Sunday, December 19, 2010

Data on the outside (of the public Cloud) versus data on the inside (of the public Cloud)

A few years back Pat Helland wrote a nice paper about the issues of data outside and inside the services boundary and how the locale impacts traditional transaction semantics. This was around the time that there was a lot of work and publicity around extended transaction models. Pat used an analogy to relativity to drive home his point, whereas I'd been using quantum mechanics analogies. But regardless of how it is explained, the idea is that data and where it is located, is ultimately the bottleneck to scalability if total consistency is required (in a finite period of time).

So what's this got to do with Cloud? Well I've been thinking a lot about Cloud for quite a while (depending on your definition of Cloud, it could stretch back decades!) There are many problem areas that need to be worked out for the Cloud to truly succeed, including security, fault tolerance, reliability and performance. Some of these are related directly to why I believe private Clouds will be the norm for most applications.

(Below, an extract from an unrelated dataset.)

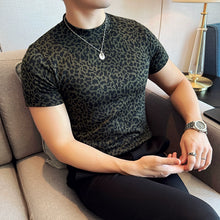 Load image into Gallery viewer, Leopard Print Slim Fit Half Turtleneck T-shirt
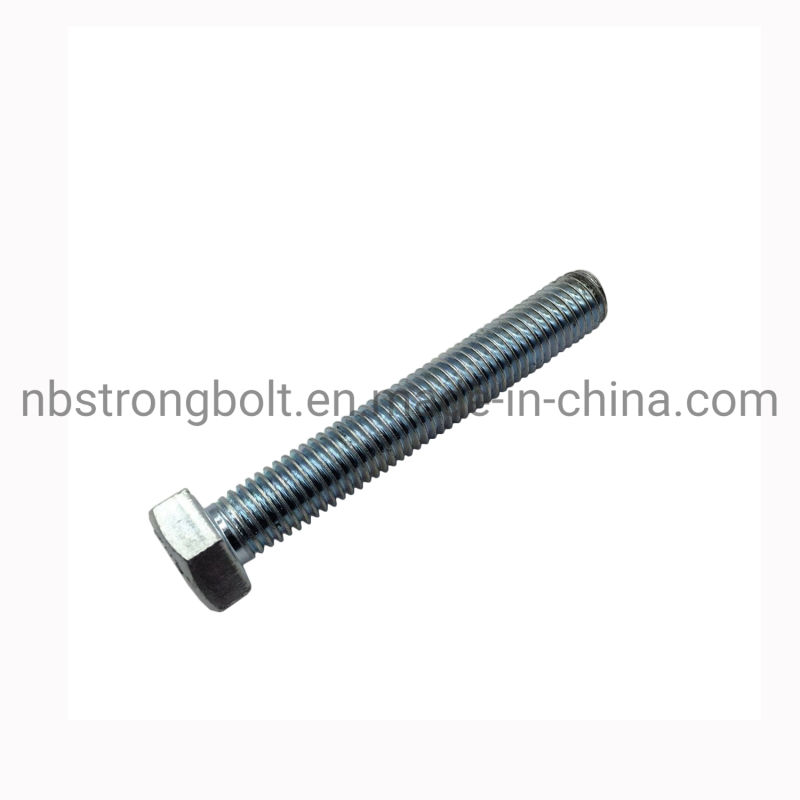 DIN933 Hex Bolt Screw Gr. 8.8 with White Zinc Plated Cr3+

But probably the prime reason why I think public Clouds won't continue to hog the limelight for enterprise or mission critical applications is the data issue. Processor speeds continue to increase (well, maybe not individual processor speeds, but when stuck on the same chip the result is the same), memory speeds increase, even disk speeds are increasing when you factor in the growing use of solid state. Network speeds have always lagged behind and that continues to be the case. If you don't have much data/information, or most of it is volatile and generated as part of the computation, then moving to a public cloud may make sense (assuming the problems I mentioned before are resolved). But for those users and applications that have copious amounts of data, moving it into the public cloud is going in the wrong direction: moving the computation to the data makes far more sense.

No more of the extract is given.